BEGIN SUPPLIED MATERIAL
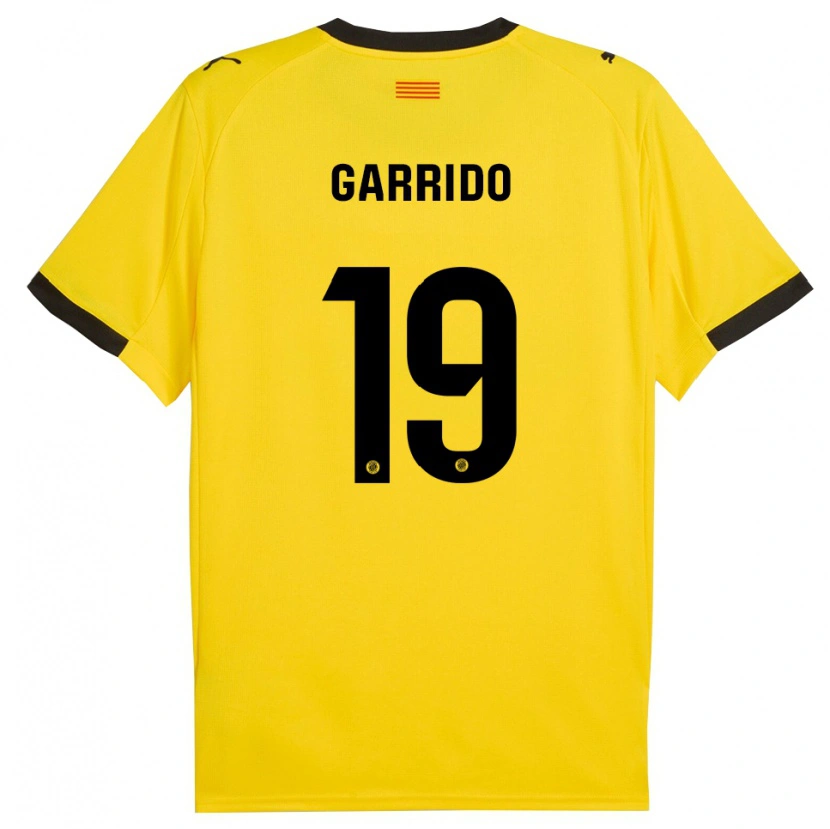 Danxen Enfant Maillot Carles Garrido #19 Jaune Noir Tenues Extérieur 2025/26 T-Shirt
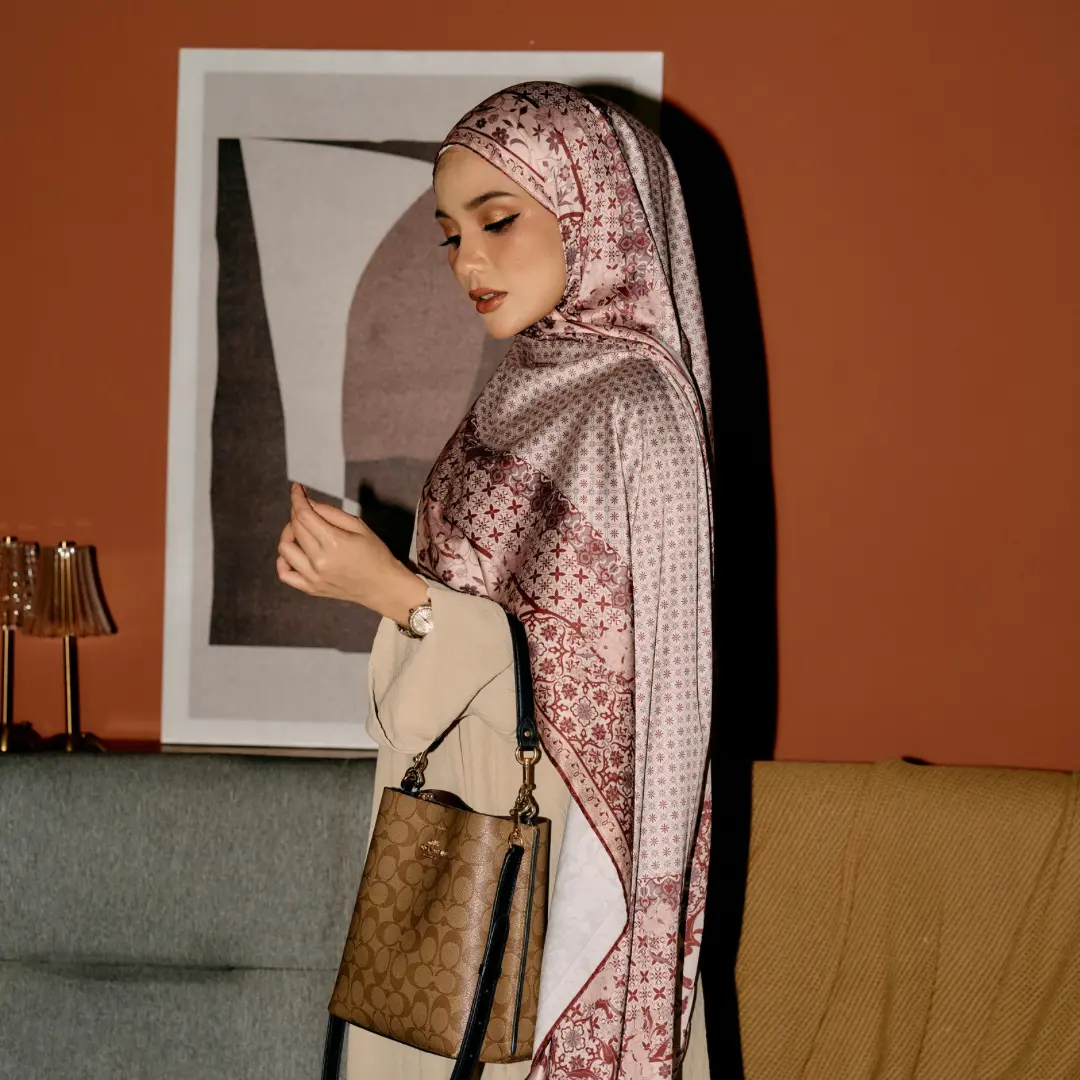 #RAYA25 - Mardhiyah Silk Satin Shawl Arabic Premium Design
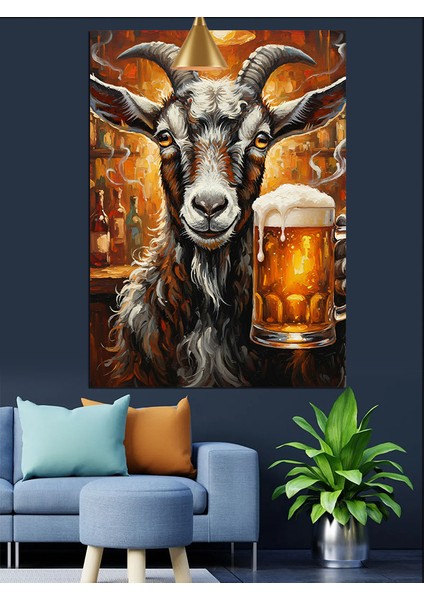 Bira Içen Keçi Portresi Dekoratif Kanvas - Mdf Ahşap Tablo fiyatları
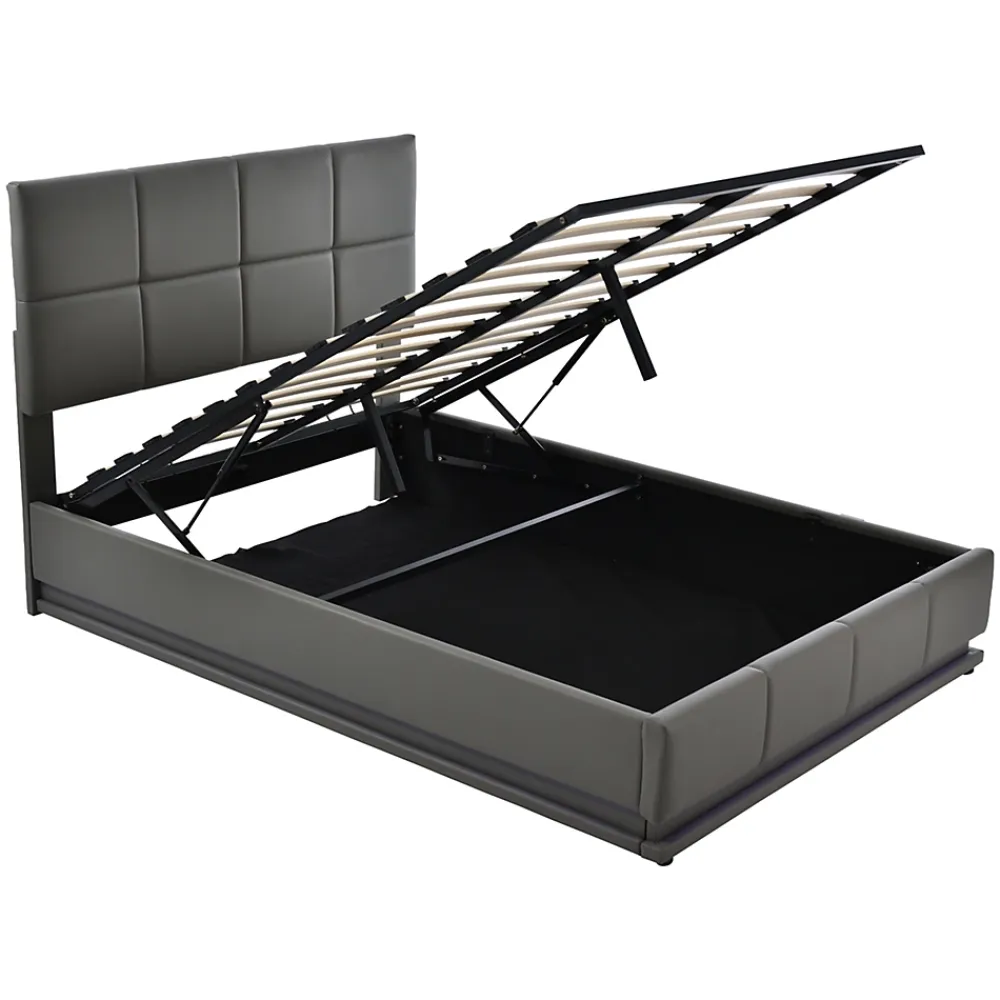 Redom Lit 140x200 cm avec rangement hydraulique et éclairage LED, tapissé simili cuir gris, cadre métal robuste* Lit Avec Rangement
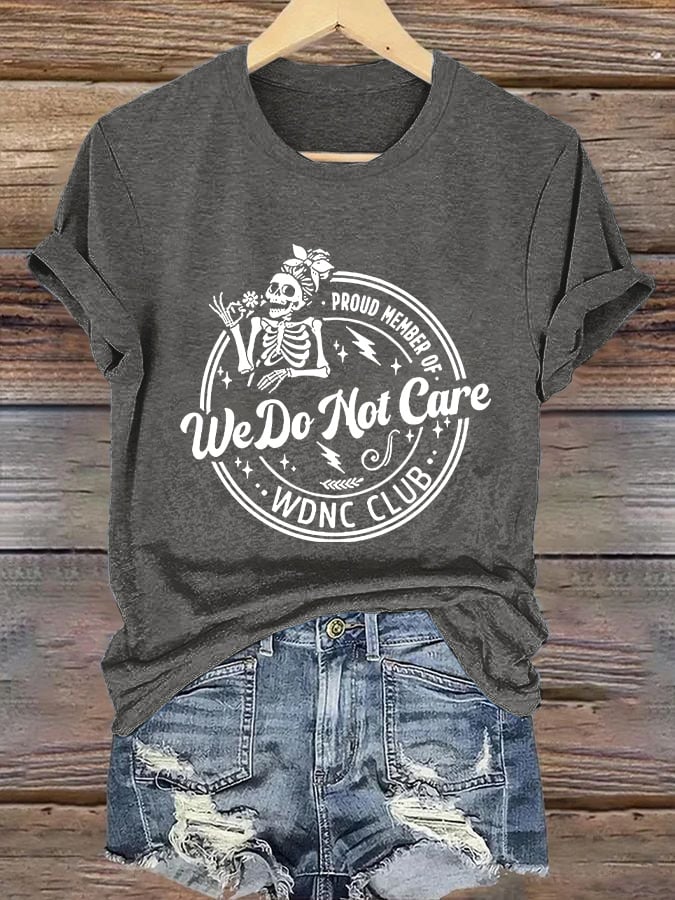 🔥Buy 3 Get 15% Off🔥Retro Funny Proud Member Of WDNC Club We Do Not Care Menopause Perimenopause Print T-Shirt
END SUPPLIED MATERIAL
BEGIN SUPPLIED MATERIAL
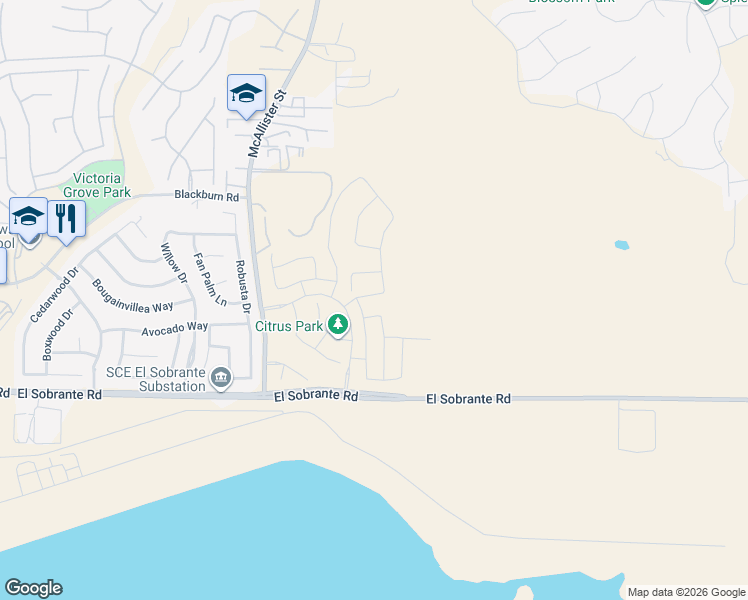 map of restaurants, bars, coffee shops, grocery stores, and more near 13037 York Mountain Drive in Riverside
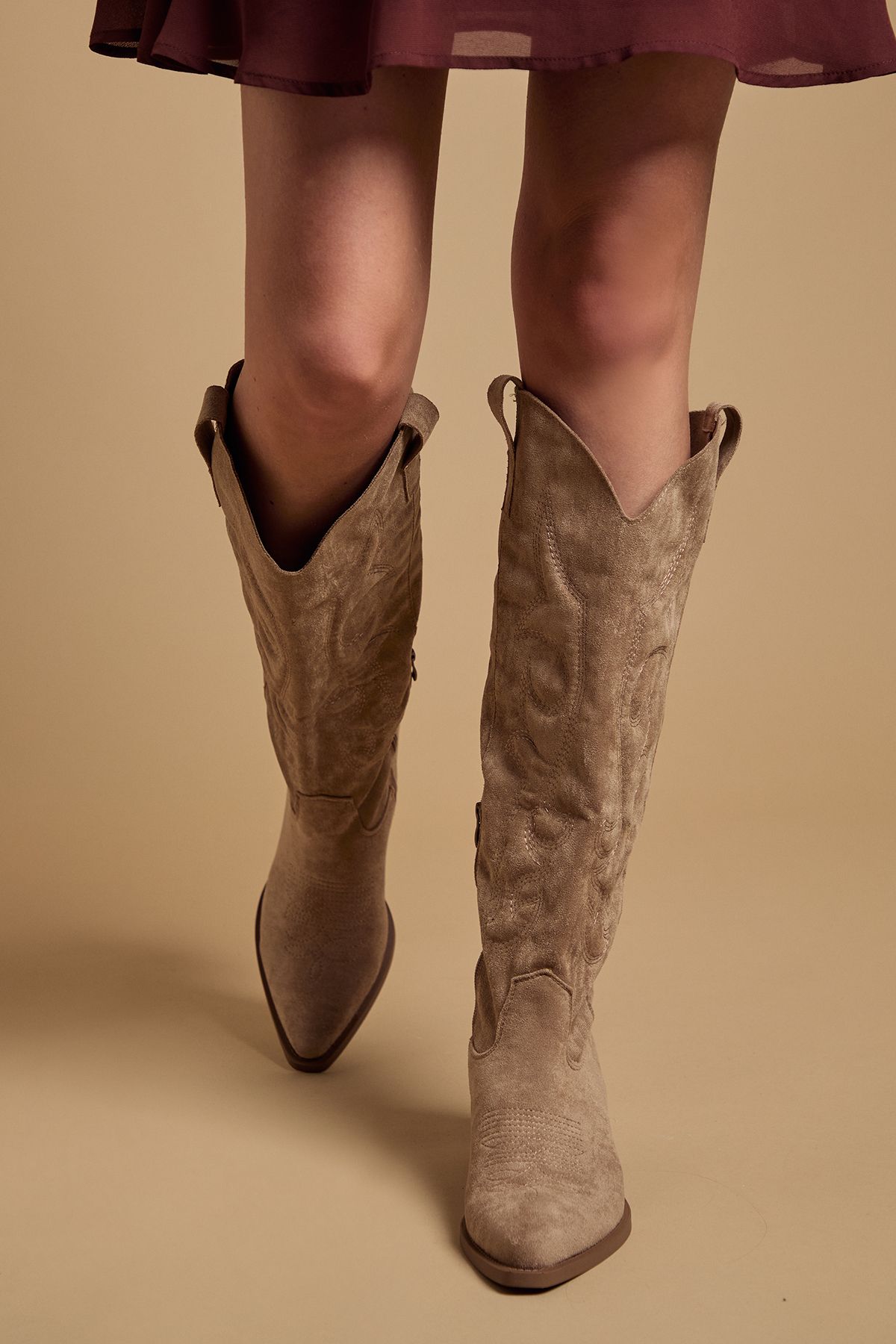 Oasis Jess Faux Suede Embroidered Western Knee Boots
END SUPPLIED MATERIAL
BEGIN SUPPLIED MATERIAL
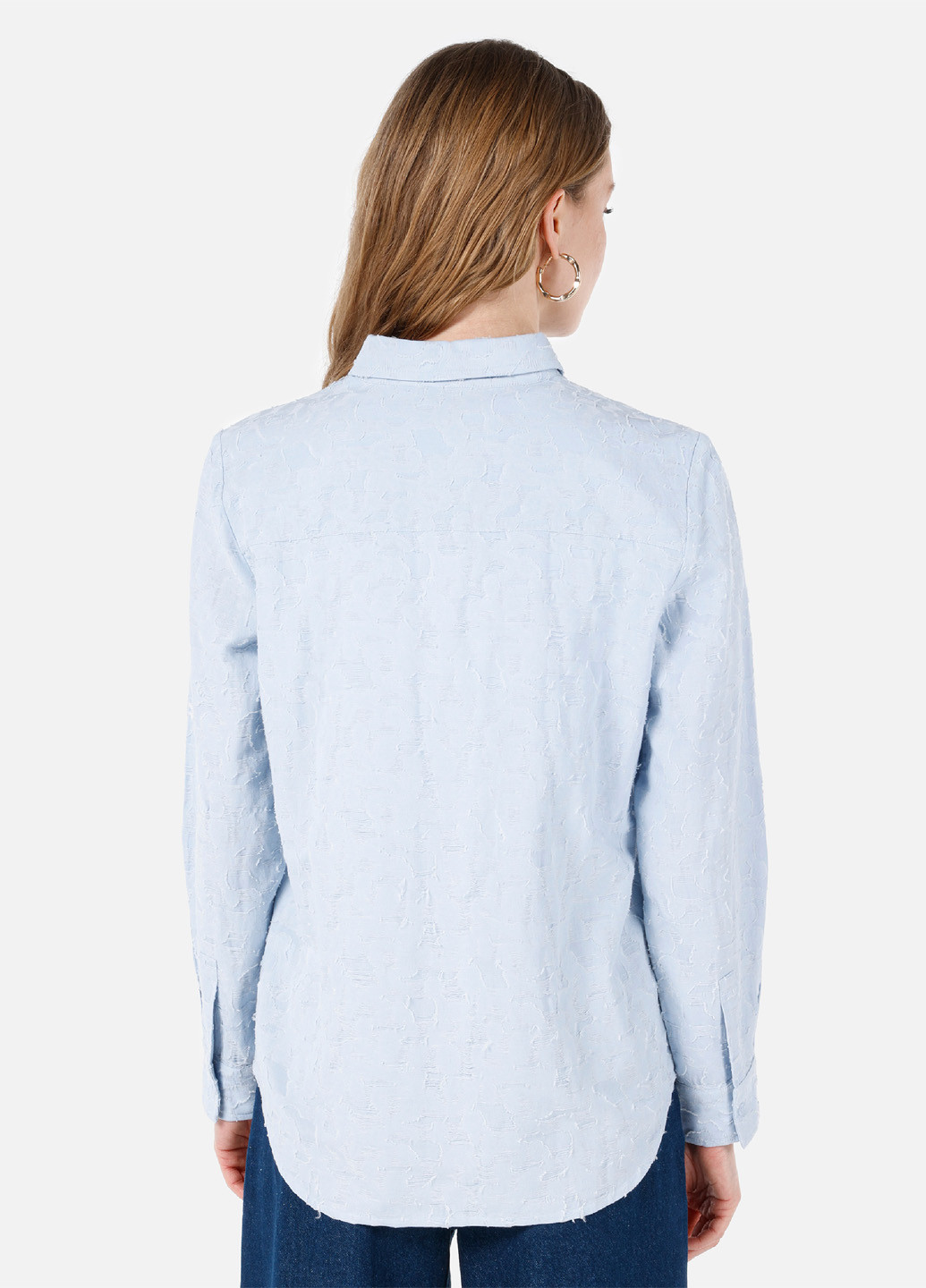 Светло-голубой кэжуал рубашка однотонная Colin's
END SUPPLIED MATERIAL
* **DIRECTIONS**: Look back over the records above. Reproduce exactly everything from the line with "#RAYA25 - Mardhiyah" down to the line with "Perimenopause Print T-Shirt", inclusive, and leave the pictures out.

* **TASK ANSWER**:
 #RAYA25 - Mardhiyah Silk Satin Shawl Arabic Premium Design
 Bira Içen Keçi Portresi Dekoratif Kanvas - Mdf Ahşap Tablo fiyatları
 Redom Lit 140x200 cm avec rangement hydraulique et éclairage LED, tapissé simili cuir gris, cadre métal robuste* Lit Avec Rangement
 🔥Buy 3 Get 15% Off🔥Retro Funny Proud Member Of WDNC Club We Do Not Care Menopause Perimenopause Print T-Shirt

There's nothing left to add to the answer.